One of my favorites is called Straw Man. It is a fallacy one finds everywhere. But first, let’s understand a principle of logic called argumentum ad logicum (argument to logic). A proposition is not false because the logic used to prove it is invalid. In other words, we cannot say that something is false and base it on the notion that the proposition was not proved with impeccable logic. That’s just fair. Understand that a statement may be valid even though it was wrongly argued.

That's right.  We are in the business of arguing such points rightly so that we can make a judgment about validity.

That’s where Straw Man comes in. Straw Man is a particular version of argumentum ad logicum that refutes an extreme version of someone else’s argument rather than the actual argument he or she has made. For instance, if some outrageous description of the other’s statement is false, what he actually said must also be false. Politics is rife with this fallacy.

Senator Snort: This fighter jet strikes me as frightfully expensive.

Senator Blather: Senator Snort is such a penny-pincher. He would leave our country defenseless.

Do you see? Senator Blather has fashioned a cartoon version of what Senator Snort had to say. Then, because penny pinchers and those weak on defense are silly, we needn’t listen to him. In no way did Senator Blather actually engage Senator Snort’s statement.

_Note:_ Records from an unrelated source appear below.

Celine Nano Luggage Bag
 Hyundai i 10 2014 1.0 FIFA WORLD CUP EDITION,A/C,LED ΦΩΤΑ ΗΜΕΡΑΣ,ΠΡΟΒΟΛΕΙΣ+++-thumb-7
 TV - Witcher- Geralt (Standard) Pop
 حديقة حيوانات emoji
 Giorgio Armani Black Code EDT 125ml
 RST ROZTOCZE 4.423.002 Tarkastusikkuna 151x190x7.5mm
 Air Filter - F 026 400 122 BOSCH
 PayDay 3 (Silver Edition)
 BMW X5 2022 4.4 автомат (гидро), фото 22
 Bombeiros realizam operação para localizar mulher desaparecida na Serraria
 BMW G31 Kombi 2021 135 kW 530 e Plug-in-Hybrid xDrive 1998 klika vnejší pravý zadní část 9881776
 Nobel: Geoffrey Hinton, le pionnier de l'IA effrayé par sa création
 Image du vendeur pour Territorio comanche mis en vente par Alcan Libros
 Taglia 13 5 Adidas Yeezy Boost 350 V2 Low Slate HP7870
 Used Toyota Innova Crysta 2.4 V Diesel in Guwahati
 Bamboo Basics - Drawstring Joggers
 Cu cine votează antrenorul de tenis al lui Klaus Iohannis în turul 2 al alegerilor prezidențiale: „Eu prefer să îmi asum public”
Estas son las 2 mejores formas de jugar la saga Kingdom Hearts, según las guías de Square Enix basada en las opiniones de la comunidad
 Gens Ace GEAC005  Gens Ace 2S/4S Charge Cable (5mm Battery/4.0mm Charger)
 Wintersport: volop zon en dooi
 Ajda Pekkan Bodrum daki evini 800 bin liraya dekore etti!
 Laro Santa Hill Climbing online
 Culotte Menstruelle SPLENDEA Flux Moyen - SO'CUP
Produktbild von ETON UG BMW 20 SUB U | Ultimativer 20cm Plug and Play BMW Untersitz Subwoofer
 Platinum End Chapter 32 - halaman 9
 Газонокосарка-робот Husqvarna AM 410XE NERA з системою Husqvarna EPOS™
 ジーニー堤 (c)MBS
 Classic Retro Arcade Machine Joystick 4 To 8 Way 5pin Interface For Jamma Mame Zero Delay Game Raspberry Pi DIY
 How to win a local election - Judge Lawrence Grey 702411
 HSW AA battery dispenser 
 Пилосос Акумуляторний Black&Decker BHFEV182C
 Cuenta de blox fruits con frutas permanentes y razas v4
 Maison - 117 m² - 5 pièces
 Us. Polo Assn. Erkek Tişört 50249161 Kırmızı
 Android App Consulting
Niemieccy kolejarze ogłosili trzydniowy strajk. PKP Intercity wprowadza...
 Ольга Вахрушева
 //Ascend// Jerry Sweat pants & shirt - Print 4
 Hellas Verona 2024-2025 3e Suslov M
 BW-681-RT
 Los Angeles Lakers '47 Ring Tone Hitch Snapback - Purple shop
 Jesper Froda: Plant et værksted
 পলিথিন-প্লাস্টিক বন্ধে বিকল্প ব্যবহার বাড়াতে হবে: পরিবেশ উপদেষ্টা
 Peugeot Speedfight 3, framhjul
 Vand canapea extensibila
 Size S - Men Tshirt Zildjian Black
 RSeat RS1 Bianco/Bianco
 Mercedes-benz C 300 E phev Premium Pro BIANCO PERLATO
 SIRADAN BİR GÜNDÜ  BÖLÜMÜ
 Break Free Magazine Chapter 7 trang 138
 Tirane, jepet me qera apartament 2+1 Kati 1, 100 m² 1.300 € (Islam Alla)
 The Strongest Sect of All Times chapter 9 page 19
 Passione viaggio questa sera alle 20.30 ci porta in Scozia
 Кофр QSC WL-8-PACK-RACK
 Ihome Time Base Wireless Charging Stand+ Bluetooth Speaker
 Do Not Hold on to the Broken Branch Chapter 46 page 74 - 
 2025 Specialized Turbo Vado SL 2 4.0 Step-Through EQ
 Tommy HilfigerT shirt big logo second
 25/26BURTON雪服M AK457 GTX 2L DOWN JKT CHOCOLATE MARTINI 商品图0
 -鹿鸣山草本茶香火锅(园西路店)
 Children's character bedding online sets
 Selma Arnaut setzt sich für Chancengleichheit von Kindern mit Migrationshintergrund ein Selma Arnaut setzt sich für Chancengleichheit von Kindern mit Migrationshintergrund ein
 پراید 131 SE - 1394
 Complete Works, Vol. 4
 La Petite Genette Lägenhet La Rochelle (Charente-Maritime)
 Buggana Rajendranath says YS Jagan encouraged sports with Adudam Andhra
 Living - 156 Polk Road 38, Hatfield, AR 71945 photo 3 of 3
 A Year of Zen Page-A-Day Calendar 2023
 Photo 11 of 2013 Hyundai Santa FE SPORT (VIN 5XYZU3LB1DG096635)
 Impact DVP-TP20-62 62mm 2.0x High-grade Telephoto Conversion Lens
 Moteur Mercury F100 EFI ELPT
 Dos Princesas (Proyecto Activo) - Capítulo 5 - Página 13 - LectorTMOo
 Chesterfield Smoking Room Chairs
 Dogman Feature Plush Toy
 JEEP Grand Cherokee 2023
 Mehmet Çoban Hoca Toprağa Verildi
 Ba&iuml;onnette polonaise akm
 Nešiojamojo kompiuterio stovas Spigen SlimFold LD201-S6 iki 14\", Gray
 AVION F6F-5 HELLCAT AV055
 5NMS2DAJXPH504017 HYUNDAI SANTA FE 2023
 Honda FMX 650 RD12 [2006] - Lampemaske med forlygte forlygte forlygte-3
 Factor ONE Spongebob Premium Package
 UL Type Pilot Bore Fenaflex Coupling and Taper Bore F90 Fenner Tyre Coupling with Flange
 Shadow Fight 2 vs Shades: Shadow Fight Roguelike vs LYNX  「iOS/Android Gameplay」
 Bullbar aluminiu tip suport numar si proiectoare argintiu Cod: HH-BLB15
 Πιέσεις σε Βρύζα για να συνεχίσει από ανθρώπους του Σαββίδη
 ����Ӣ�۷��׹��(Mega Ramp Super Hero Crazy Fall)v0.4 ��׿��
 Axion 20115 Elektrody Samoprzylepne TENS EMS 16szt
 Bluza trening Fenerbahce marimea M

Here’s another one: “We know that evolution is false because we did not evolve from monkeys”. Never mind that evolution does not aver that humans evolved from monkeys. That’s a straw man. Make up something false to knock over and, in so doing, belittle someone who wants to engage on a serious topic.

With a little practice you will recognize this fallacy in everyday life. See if this one is familiar:

Mom: Today we’ll clean out the closets. They are looking messy.

Kid: We cleaned out the closets last Easter. Must we clean them every day?

Mom: Who said anything about every day? You just want to keep your crap forever. That’s ridiculous.